*AIM OF THE TASK*: Return only that part of the material below which starts with the line containing "Beautiful teen girl" and goes on through the line containing "a table with", restated exactly.

*DATA SHOWN*:
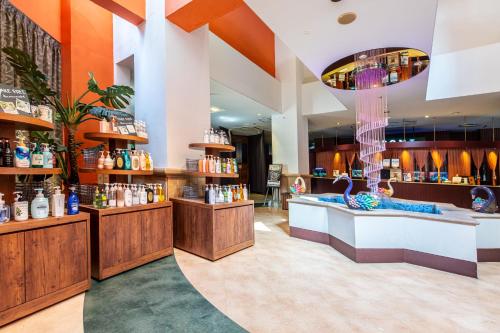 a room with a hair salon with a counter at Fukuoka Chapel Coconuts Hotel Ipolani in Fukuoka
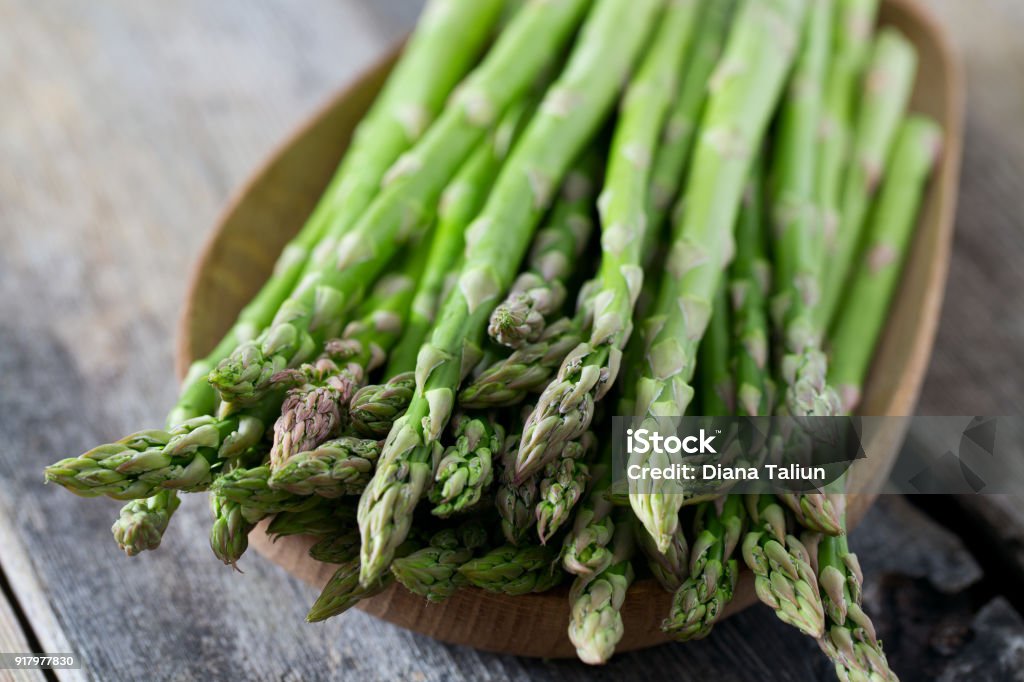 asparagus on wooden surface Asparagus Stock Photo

...

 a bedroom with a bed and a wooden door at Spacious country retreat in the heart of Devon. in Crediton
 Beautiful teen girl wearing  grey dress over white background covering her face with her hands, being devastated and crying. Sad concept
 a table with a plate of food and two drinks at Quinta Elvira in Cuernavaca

*EXERCISE RESPONSE*:
 Beautiful teen girl wearing  grey dress over white background covering her face with her hands, being devastated and crying. Sad concept
 a table with a plate of food and two drinks at Quinta Elvira in Cuernavaca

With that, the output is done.